**Work order**
From the entries below, output the line with "GAMMA Brabantia HangOn" and each following line up to and including the line with "Large Raw Fire", exactly as written.
------------------------
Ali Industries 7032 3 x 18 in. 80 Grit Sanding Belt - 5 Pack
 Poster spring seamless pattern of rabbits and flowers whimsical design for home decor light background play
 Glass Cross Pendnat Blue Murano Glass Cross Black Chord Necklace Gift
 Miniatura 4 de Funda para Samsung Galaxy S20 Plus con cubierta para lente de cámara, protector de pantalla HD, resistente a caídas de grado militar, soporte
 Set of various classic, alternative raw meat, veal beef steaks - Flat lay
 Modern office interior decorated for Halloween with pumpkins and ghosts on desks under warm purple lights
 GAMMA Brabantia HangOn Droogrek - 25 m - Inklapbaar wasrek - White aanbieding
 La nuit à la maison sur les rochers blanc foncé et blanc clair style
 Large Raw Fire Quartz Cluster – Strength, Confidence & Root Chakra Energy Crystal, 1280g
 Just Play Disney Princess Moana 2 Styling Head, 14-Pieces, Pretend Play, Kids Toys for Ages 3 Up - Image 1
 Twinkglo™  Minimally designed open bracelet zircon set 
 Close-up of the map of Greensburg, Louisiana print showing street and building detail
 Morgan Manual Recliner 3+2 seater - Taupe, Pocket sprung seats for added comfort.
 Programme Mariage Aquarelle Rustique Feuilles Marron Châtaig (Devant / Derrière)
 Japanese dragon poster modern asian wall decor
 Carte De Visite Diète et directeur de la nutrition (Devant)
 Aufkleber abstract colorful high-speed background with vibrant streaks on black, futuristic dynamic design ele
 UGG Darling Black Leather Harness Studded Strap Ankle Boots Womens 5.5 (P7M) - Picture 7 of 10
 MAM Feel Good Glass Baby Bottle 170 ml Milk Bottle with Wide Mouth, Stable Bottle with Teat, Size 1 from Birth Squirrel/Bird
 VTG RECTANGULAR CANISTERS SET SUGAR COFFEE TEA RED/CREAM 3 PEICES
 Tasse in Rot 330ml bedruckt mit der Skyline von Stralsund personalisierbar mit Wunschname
------------------------
**Solved problem**
 GAMMA Brabantia HangOn Droogrek - 25 m - Inklapbaar wasrek - White aanbieding
 La nuit à la maison sur les rochers blanc foncé et blanc clair style
 Large Raw Fire Quartz Cluster – Strength, Confidence & Root Chakra Energy Crystal, 1280g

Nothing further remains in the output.